By 2010, Vettel had secured himself the number one position; after winning the race at Silverstone that year, Webber famously radioed back to his team principal, “Not bad for a number 2 driver.” Vettel had been given Webber’s spare front wing after his had broken, which would have caused an issue to say the least, had Webber been involved in an incident in the race. Despite Webber taking several victories that season, and not just due to his team-mate’s various misfortunes, it was Vettel who crossed the line first in Abu Dhabi to take his inaugural championship.
Vettel and Webber have never got on well, nor are they likely to. Webber’s annoyance at the ostensible confidence and momentarily dubious tactics of his German team-mate are clear; in Turkey 2010, Vettel smashed into Webber for apparently little reason. Once team orders were legalised in 2011, Webber was frequently given lesser set-up options and tyre strategies, the guinea pig for the meister. This year in Malaysia, both drivers were ordered to conserve fuel, Webber being ahead, but Vettel squandered his low fuel in order to put one over on his team-mate.
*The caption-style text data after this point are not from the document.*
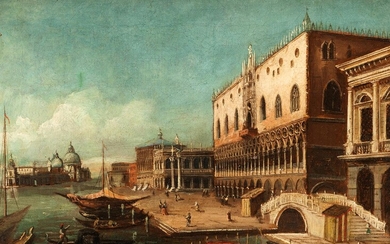 Maler des ausgehenden 18. Jahrhunderts, VENEDIG - BLICK AUF DIE PIAZETTA SAN MARCO MIT DEM PRACHTVOLLEN DOGENPALAST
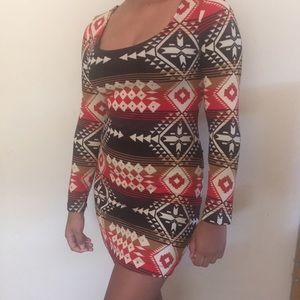 Southwestern Print Sweater Dress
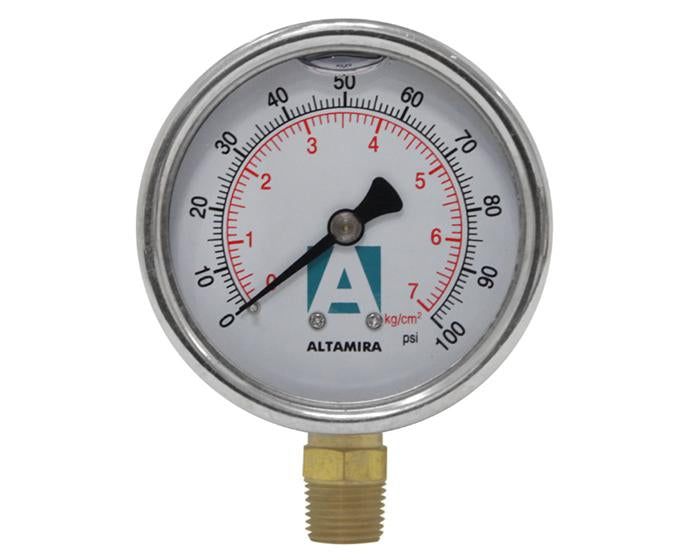 MANOMETRO ALTAMIRA GLICER 0-100PSI 1/4" M
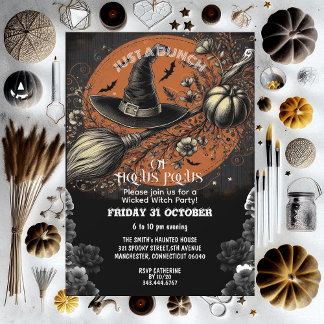 Hocus Pocus Broom Hat Vintage Wicked Witch Party Invitation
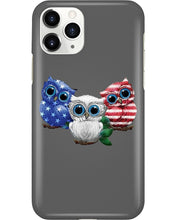 Load image into Gallery viewer, Lovely Phone Case Three Owl With US Flag Gift For Owl Lovers Phone case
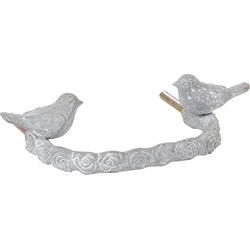 Clayre & Eef Handgreep Grijs IJzer Vogels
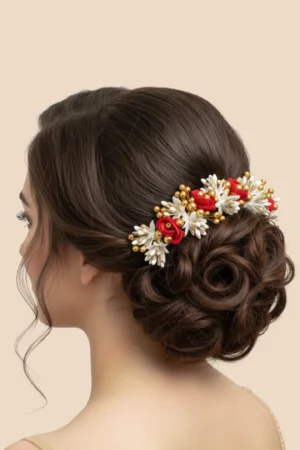 AccessoZone Premium Red & White Floral Golden Pearl Bridal Gajra for Bun/Juda – Handcrafted Wedding Hair Accessory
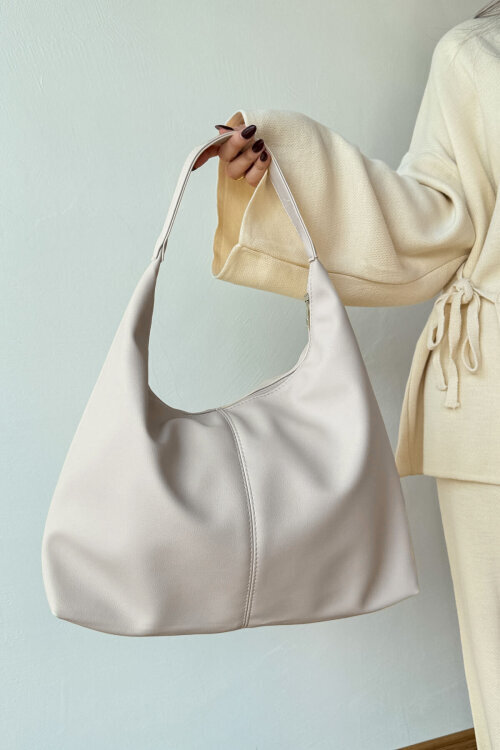 ÇNT-3037 Taş Rengi MNG Muadil Model Yumuşak Suni Deri Omuz Çantası - 1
“You might not think that’s cricket, and it’s not, it’s motor racing”, quipped legendary commentator Murray Walker. He’s right. It isn’t. Motor racing, ever since the days of the FISA/FOCA war of the 1980s, has been highly politicised. It takes a skilled politician to come out on top of the inter-team rivalries and injustices, supplier crises and race incidents.
Political aptitude. What Vettel has in swathes. What Webber lacks considerably. And the one with the quadruple consecutive championships, 37 wins and 60 podiums?